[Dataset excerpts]
##########
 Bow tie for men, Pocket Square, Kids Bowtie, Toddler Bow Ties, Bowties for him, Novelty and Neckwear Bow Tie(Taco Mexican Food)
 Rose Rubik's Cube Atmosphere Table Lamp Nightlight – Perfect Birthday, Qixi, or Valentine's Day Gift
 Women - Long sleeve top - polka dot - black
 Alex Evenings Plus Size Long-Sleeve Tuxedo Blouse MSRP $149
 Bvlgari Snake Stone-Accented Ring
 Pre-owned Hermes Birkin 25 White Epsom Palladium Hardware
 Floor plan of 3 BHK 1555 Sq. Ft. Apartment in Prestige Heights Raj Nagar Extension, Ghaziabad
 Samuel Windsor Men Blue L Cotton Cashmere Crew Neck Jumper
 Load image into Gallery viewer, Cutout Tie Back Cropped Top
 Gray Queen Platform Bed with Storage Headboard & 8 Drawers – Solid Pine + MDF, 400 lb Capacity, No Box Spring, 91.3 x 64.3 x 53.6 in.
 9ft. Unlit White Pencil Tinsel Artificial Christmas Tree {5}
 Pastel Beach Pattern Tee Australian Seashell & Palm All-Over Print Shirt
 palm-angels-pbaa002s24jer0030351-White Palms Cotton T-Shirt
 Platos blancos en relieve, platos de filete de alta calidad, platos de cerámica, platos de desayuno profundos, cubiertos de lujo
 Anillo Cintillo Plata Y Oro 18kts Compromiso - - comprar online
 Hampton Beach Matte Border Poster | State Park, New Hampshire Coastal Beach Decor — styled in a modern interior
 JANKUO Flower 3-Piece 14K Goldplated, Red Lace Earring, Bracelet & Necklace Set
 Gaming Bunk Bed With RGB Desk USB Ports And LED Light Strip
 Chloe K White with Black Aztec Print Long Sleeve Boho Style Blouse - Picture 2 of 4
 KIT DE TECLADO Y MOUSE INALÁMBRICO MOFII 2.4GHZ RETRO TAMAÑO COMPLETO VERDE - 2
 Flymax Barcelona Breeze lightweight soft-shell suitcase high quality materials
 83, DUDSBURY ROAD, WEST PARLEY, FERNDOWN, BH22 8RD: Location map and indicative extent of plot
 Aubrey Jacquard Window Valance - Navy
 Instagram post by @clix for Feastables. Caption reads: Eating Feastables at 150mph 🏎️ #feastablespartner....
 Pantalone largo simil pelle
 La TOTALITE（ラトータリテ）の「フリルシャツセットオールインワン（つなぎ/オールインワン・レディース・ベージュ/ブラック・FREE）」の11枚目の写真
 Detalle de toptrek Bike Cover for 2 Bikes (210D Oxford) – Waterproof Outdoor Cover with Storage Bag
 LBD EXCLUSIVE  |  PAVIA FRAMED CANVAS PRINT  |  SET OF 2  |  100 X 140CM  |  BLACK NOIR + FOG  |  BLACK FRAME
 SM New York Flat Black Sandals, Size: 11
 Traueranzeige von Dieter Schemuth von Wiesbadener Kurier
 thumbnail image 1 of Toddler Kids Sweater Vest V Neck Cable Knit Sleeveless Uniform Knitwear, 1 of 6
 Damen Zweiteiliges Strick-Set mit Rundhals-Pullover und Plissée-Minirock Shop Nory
##########
**ACTIVITY**
Print every record exactly, so that each word matches what is written above.

**ANSWER BELOW**
 Bow tie for men, Pocket Square, Kids Bowtie, Toddler Bow Ties, Bowties for him, Novelty and Neckwear Bow Tie(Taco Mexican Food)
 Rose Rubik's Cube Atmosphere Table Lamp Nightlight – Perfect Birthday, Qixi, or Valentine's Day Gift
 Women - Long sleeve top - polka dot - black
 Alex Evenings Plus Size Long-Sleeve Tuxedo Blouse MSRP $149
 Bvlgari Snake Stone-Accented Ring
 Pre-owned Hermes Birkin 25 White Epsom Palladium Hardware
 Floor plan of 3 BHK 1555 Sq. Ft. Apartment in Prestige Heights Raj Nagar Extension, Ghaziabad
 Samuel Windsor Men Blue L Cotton Cashmere Crew Neck Jumper
 Load image into Gallery viewer, Cutout Tie Back Cropped Top
 Gray Queen Platform Bed with Storage Headboard & 8 Drawers – Solid Pine + MDF, 400 lb Capacity, No Box Spring, 91.3 x 64.3 x 53.6 in.
 9ft. Unlit White Pencil Tinsel Artificial Christmas Tree {5}
 Pastel Beach Pattern Tee Australian Seashell & Palm All-Over Print Shirt
 palm-angels-pbaa002s24jer0030351-White Palms Cotton T-Shirt
 Platos blancos en relieve, platos de filete de alta calidad, platos de cerámica, platos de desayuno profundos, cubiertos de lujo
 Anillo Cintillo Plata Y Oro 18kts Compromiso - - comprar online
 Hampton Beach Matte Border Poster | State Park, New Hampshire Coastal Beach Decor — styled in a modern interior
 JANKUO Flower 3-Piece 14K Goldplated, Red Lace Earring, Bracelet & Necklace Set
 Gaming Bunk Bed With RGB Desk USB Ports And LED Light Strip
 Chloe K White with Black Aztec Print Long Sleeve Boho Style Blouse - Picture 2 of 4
 KIT DE TECLADO Y MOUSE INALÁMBRICO MOFII 2.4GHZ RETRO TAMAÑO COMPLETO VERDE - 2
 Flymax Barcelona Breeze lightweight soft-shell suitcase high quality materials
 83, DUDSBURY ROAD, WEST PARLEY, FERNDOWN, BH22 8RD: Location map and indicative extent of plot
 Aubrey Jacquard Window Valance - Navy
 Instagram post by @clix for Feastables. Caption reads: Eating Feastables at 150mph 🏎️ #feastablespartner....
 Pantalone largo simil pelle
 La TOTALITE（ラトータリテ）の「フリルシャツセットオールインワン（つなぎ/オールインワン・レディース・ベージュ/ブラック・FREE）」の11枚目の写真
 Detalle de toptrek Bike Cover for 2 Bikes (210D Oxford) – Waterproof Outdoor Cover with Storage Bag
 LBD EXCLUSIVE  |  PAVIA FRAMED CANVAS PRINT  |  SET OF 2  |  100 X 140CM  |  BLACK NOIR + FOG  |  BLACK FRAME
 SM New York Flat Black Sandals, Size: 11
 Traueranzeige von Dieter Schemuth von Wiesbadener Kurier
 thumbnail image 1 of Toddler Kids Sweater Vest V Neck Cable Knit Sleeveless Uniform Knitwear, 1 of 6
 Damen Zweiteiliges Strick-Set mit Rundhals-Pullover und Plissée-Minirock Shop Nory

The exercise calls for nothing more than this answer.